The burger was certainly pretty - presented open-lidded with a great range of colours. The prawns (6 of them to be precise) were fried and coated with a rich and tangy gumbo sauce, and were topped with a mild red-onion salsa. Nestled in amongst the salsa we even found some ikura (salmon roe). I doubt these would have made much contribution to the taste, but it was certainly impressive from an expensive-ingredient-wow-factor standpoint! Overall a very attractive burger with a delicious flavour to back that up.
Yes, this is the famous Hand Burger stuffed tomato! Again, presentation was excellent! Dripping with sauce and studded with sesame seeds, the tomato slices open to reveal a colourful mayo-less coleslaw! Sadly, I found the tomato somewhat lacking in flavour. It may be just because my tastebuds are more attuned to the sun-ripened vine tomatoes we have in New Zealand, but this one was slightly watery and, because it had been skinned, lacked that punchy texture tomatoes should have. The unidentifiable sauce was mild and did not contribute to the taste. The coleslaw saved the dish, however. It was crunchy and tasty - and it felt good to be getting some vegetables back in my system!
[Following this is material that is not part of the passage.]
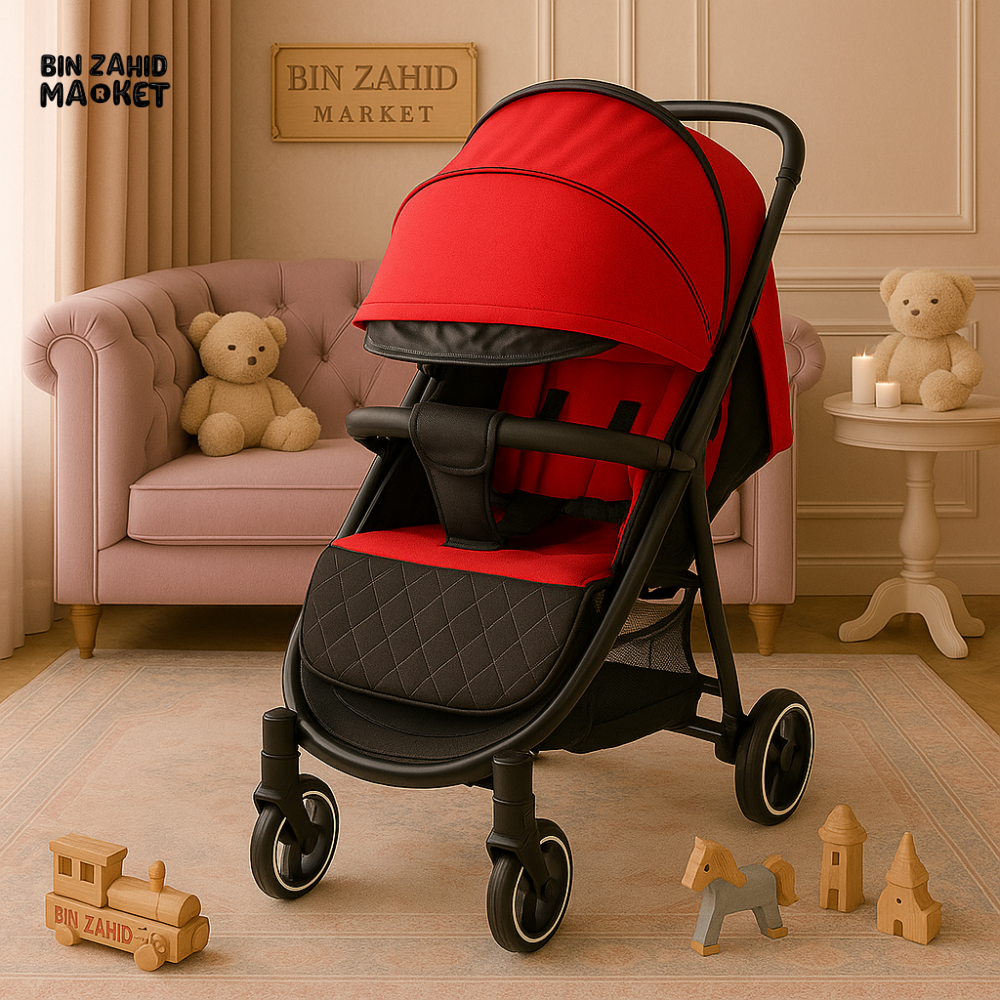 LUXURY BABY STROLLER - RED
Here's a gratuitous photo of me about to tuck into some monstrous tower of taste.
Yes, my friends, this is The Works Burger. What you are here witnessing is as much a feat of structural engineering as it is of gastronomy. Stacked up on a toasted and buttered homemade burger bun are: fresh lettuce and tomato, a 180g New Zealand ribeye beef patty, sunny side up fried egg, onion rings, sauteed garlic mushrooms, housemade relish, housemade aioli and crispy bacon.
I was stunned when it first landed on the table. My first thoughts went to how to dismantle the beast. I ended up figuring that the best way was to unstack and lay out all the ingredients on my plate and then form each bite from these parts as I came to it. Oh, all excepting the bacon. That part went straight down my gullet :D
The autopsy shot. Let's get down to the nitty gritty. That hand-formed patty there was both a stand-out and a slight let-down. The beef had a great medium coarse grind and was not too densely-packed, allowing for a meaty mouth-feel without tasting too mealy. The flavour was EXCELLENT. Really really superb. I could almost taste the green grasses and fresh air of my homeland as the cow would have. The beefy flavour was meaty and complex as only grass-fed beef can be, and seasoned perfectly. My complaint would have to be that the patty was cooked to well-done. I know many people prefer their beef to be well-cooked, especially if it has just flown 6000 miles, but it was just slightly dried out from the extended cooking time. Maybe next time I'll try ordering it medium-rare and see what kind of face the waitress gives me.
The cheddar cheese was melted to a great gooey consistency into the top of the patty and added some good richness. The egg also provided a bit of fatty luxury, though was very thin.
The other flavours combined well with this beef-cheese-egg base. The onion rings provided crunch, and the garlic mushrooms were divine, coated in lots of crushed garlic. Add the same creamy aioli as before and some tangy, caramelised onion relish, and you've got a party in your mouth. A party full of people who get along really well together.
There is nothing left. And there oughtn't be! That's the smile of a guy who is immensely satisfied (and stuffed full!!!)
On our way out we spied these cupcakes on the counter. Don't know exactly what this one is made out of, but its so cute! We'll save it for another time!
And there definitely will be another time. As a burger-aficionado, the top quality ingredients and thoughtful, creative burger options here really impressed me. Even a burger with such standard composition as The Works Burger was pulled off with flair and obvious thought in the execution. I look forward to trying the Duck Confit Burger - A whole boneless confit duck leg IN A BURGER! You know you want it.